Start of PROVIDED ENTRIES
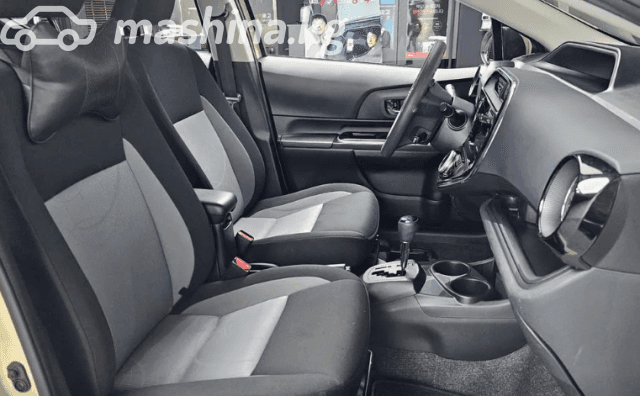 Toyota Prius c I Рестайлинг 1.5hyb AT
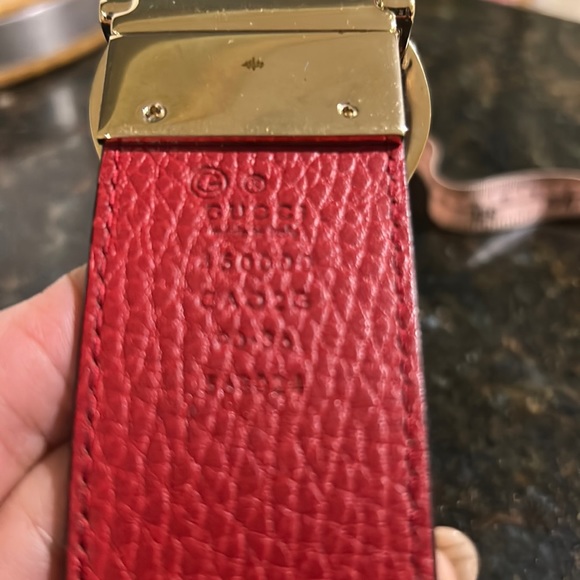 SOLD / Authentic Gucci Belt Black & Red reversible with Gold buckle . - Picture 7 of 10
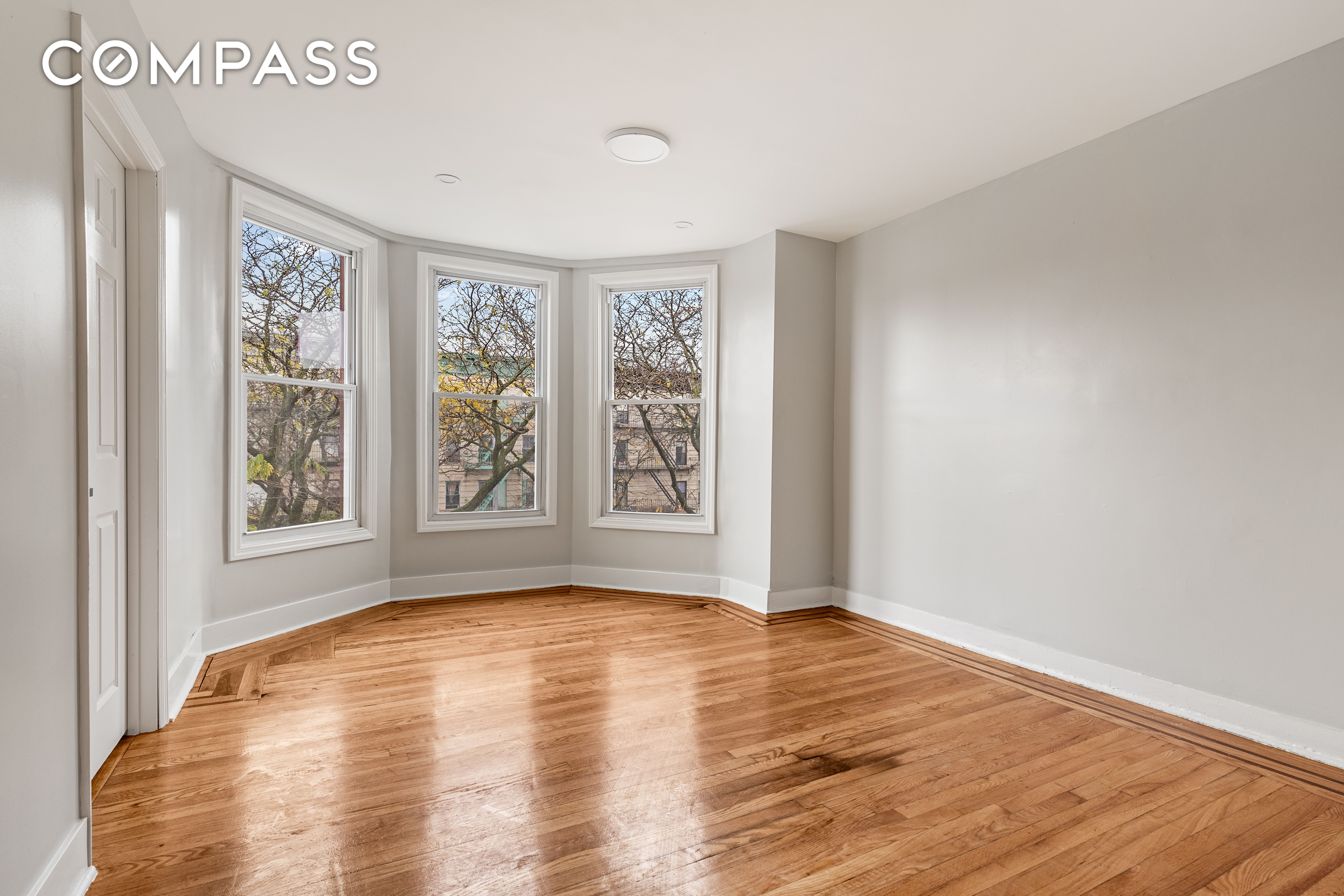 1499 Bushwick Avenue 3, Bushwick, Brooklyn, New York - 3 Bedrooms  
1 Bathrooms  
5 Rooms - 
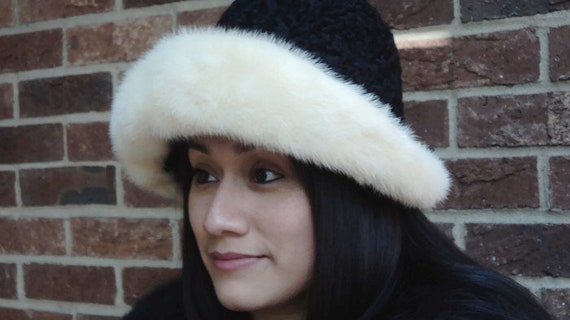 1950's Black Persian Lamb And Platinum Mink Fur C… - image 1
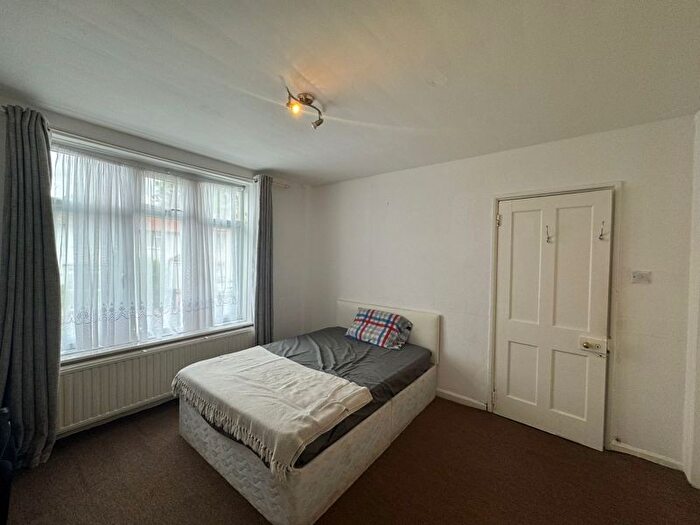 3 Bedroom Terraced House To Rent In Oldberry Road, Edgware, HA8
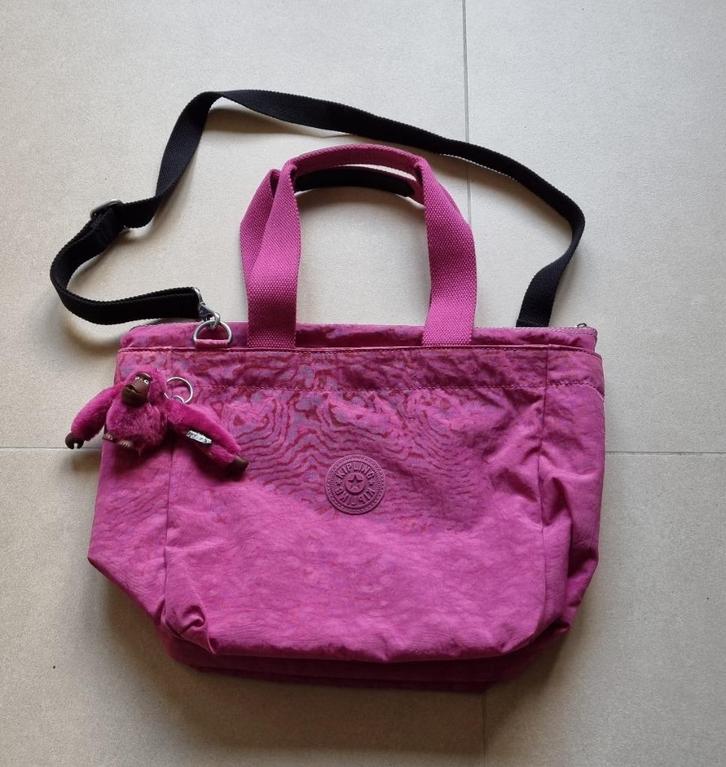 Kipling new sugar M, Handtassen en Accessoires, Tassen | Schoudertassen, Gebruikt, Kipling, Roze, Ophalen of Verzenden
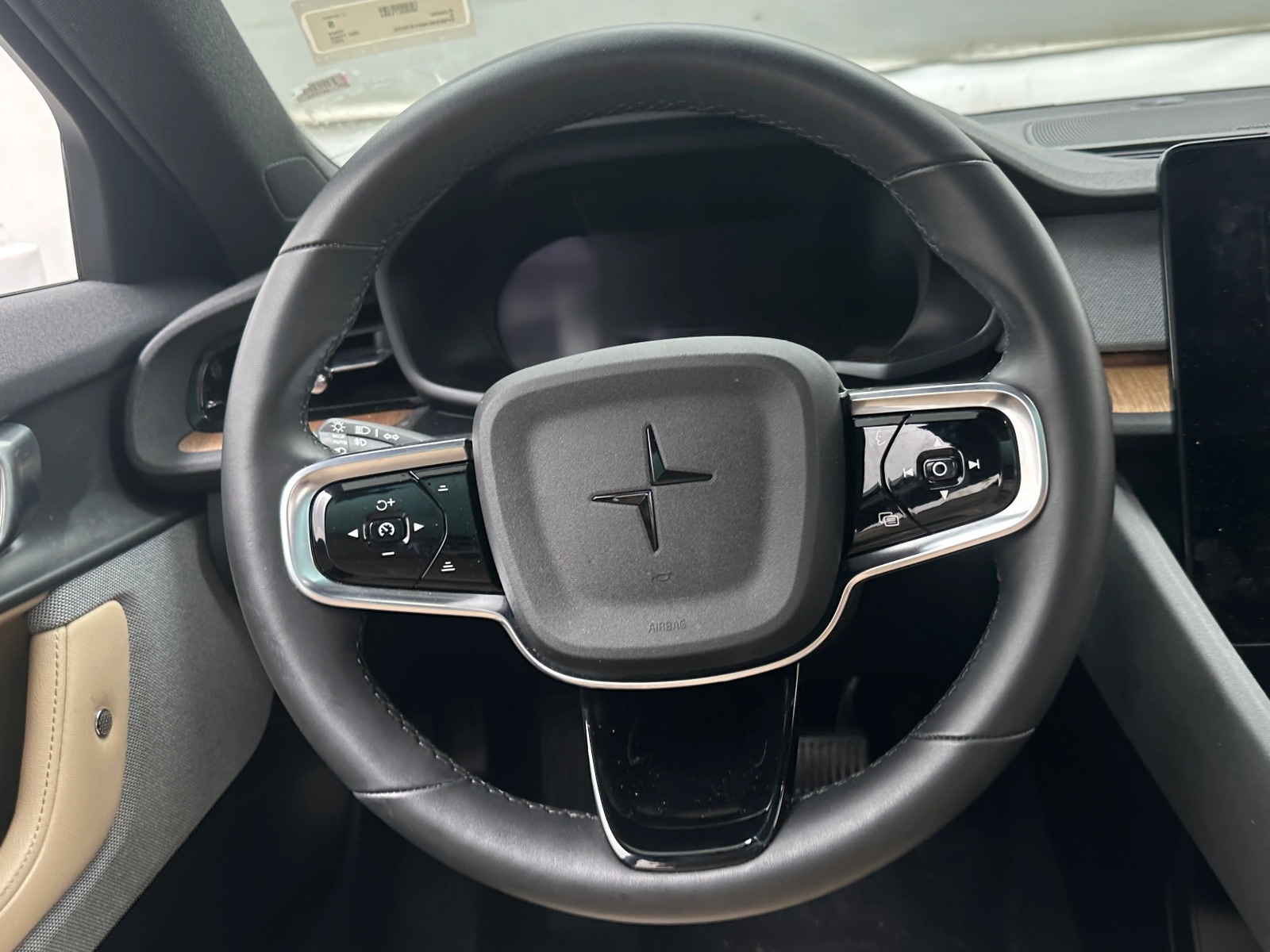 Thumbnail: 2022 Polestar 2 - 4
End of PROVIDED ENTRIES
* TASK OBJECTIVE: Without including any picture, write out the material above exactly.

* ANSWER SECTION:
 Toyota Prius c I Рестайлинг 1.5hyb AT
 SOLD / Authentic Gucci Belt Black & Red reversible with Gold buckle . - Picture 7 of 10
 1499 Bushwick Avenue 3, Bushwick, Brooklyn, New York - 3 Bedrooms  
1 Bathrooms  
5 Rooms - 
 1950's Black Persian Lamb And Platinum Mink Fur C… - image 1
 3 Bedroom Terraced House To Rent In Oldberry Road, Edgware, HA8
 Kipling new sugar M, Handtassen en Accessoires, Tassen | Schoudertassen, Gebruikt, Kipling, Roze, Ophalen of Verzenden
 Thumbnail: 2022 Polestar 2 - 4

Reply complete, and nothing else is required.